WASHINGTON – U.S. counties that are home to nearly 100 million people appear to flunk federal air standards because of microscopic soot from diesel-burning trucks, power plants and other sources, the Environmental Protection Agency said Tuesday.
The EPA said a preliminary analysis showed that 243 counties in 22 states – almost all in the eastern third of the nation and in California – may have to take additional measures to curb pollution to meet the standards by 2010.
EPA Administrator Mike Leavitt cautioned that the designations are preliminary and some counties may be taken off the list after further discussions with state officials. A final designation of areas in noncompliance will be made in November.
Leavitt called the need to reduce airborne microscopic soot – particles in some cases 28 times smaller than the width of a human hair – “the single most important action we can take to make our air healthier.”
He said soot-filled air annually causes 15,000 premature deaths, 95,000 cases of chronic or acute bronchitis and thousands of hospital admissions because of res- piratory or cardiovascular illnesses.
The EPA in 1997 issued tougher standards for soot, for the first time regulating particles as small as 2.5 microns.

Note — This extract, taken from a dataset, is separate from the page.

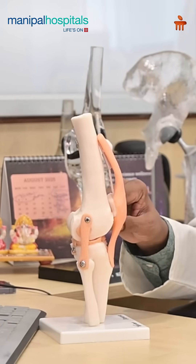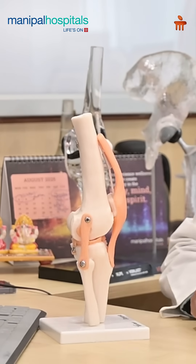When arthritis is in the early stage, we can do treatment in the form of stem cell therapy, where we inject stem cells either through arthroscopy — a keyhole surgery — or through orthobiologics and newer advancements in medicinal treatment.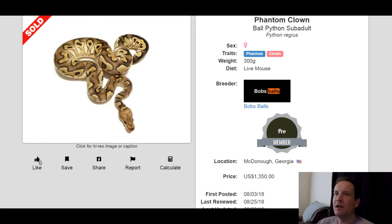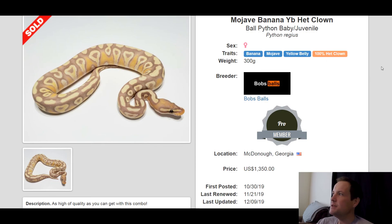This one is a Phantom Clown. Not quite sure if I've ever seen anyone else make this, but I think it looks really good. Only two genes and look how amazing that snake looks — this one sold for $1,350. This one is a Banana Mojave Yellowbelly 100% Het Clown. Not a bad looking snake — imagine a visual clown version of this, I have no idea what it would look like. This one sold for $1,350. Alright guys, hope you liked the video. Hit that like button and we'll see you tomorrow.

But because of lengthy litigation finally resolved in 2002, the agency has yet to implement the requirements or even officially designate what areas violate the standard.
The designations made public Tuesday were characterized as the initial agency step to putting states on notice as to which ones likely will have to submit additional pollution control plans.
Leavitt said federal requirements being phased in to reduce sulfur in gasoline and diesel fuel; requirements for cleaner trucks; and programs aimed at curbing interstate transfer of pollution from power plants will go a long way toward meeting the soot air standards.
But he acknowledged that states with counties in noncompliance may have to take additional steps such as modifying transportation plans or requiring new pollution controls when factories expand. Other measures could include restrictions on wood stoves and open burning, or retrofitting school buses with improved emission controls, he said.
The largest concentrations of counties in noncompliance were along the urban corridor from New York City to Washington D.C., eastern Tennessee, in the Ohio River Valley region and counties surrounding the urban centers of Pittsburgh, Cleveland, Detroit, Chicago, St. Louis and Atlanta.
The Los Angeles Basin and interior central California also face significant soot air quality problems as does a small corner of northwestern Montana – one of the few strictly rural areas cited by the EPA. Leavitt said the county had dirty air because of pollution from mining activities near Libby, Mont.
The EPA designations went well beyond a list of counties that states submitted to the agency in May. The governors listed 141 counties with a population of 79 million people as being in noncompliance. The EPA added another 102 counties.
Leavitt said many of the counties were added because while they may have air that meets the soot standards, they also have sources of pollution within their borders that contribute significantly to adjacent areas failing the standard.